Directions = Complete, exact copies of all entries are needed.

Source material =
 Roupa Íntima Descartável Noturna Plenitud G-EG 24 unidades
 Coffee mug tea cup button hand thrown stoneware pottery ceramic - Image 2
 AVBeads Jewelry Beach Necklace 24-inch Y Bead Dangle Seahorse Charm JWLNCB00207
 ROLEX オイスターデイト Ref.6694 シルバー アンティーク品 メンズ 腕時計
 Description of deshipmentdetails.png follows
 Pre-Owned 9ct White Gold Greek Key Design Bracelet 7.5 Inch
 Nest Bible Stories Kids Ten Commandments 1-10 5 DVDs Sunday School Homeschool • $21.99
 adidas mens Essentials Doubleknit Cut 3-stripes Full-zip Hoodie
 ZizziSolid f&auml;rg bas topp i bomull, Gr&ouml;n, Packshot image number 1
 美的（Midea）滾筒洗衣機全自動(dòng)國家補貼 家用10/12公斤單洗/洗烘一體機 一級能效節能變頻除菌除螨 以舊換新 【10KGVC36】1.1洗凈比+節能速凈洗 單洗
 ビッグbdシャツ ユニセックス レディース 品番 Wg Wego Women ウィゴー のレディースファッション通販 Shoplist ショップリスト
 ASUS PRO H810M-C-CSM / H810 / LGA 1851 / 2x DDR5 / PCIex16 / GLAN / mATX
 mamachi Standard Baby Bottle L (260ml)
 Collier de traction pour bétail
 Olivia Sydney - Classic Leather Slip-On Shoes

Expected answer =
 Roupa Íntima Descartável Noturna Plenitud G-EG 24 unidades
 Coffee mug tea cup button hand thrown stoneware pottery ceramic - Image 2
 AVBeads Jewelry Beach Necklace 24-inch Y Bead Dangle Seahorse Charm JWLNCB00207
 ROLEX オイスターデイト Ref.6694 シルバー アンティーク品 メンズ 腕時計
 Description of deshipmentdetails.png follows
 Pre-Owned 9ct White Gold Greek Key Design Bracelet 7.5 Inch
 Nest Bible Stories Kids Ten Commandments 1-10 5 DVDs Sunday School Homeschool • $21.99
 adidas mens Essentials Doubleknit Cut 3-stripes Full-zip Hoodie
 ZizziSolid f&auml;rg bas topp i bomull, Gr&ouml;n, Packshot image number 1
 美的（Midea）滾筒洗衣機全自動(dòng)國家補貼 家用10/12公斤單洗/洗烘一體機 一級能效節能變頻除菌除螨 以舊換新 【10KGVC36】1.1洗凈比+節能速凈洗 單洗
 ビッグbdシャツ ユニセックス レディース 品番 Wg Wego Women ウィゴー のレディースファッション通販 Shoplist ショップリスト
 ASUS PRO H810M-C-CSM / H810 / LGA 1851 / 2x DDR5 / PCIex16 / GLAN / mATX
 mamachi Standard Baby Bottle L (260ml)
 Collier de traction pour bétail
 Olivia Sydney - Classic Leather Slip-On Shoes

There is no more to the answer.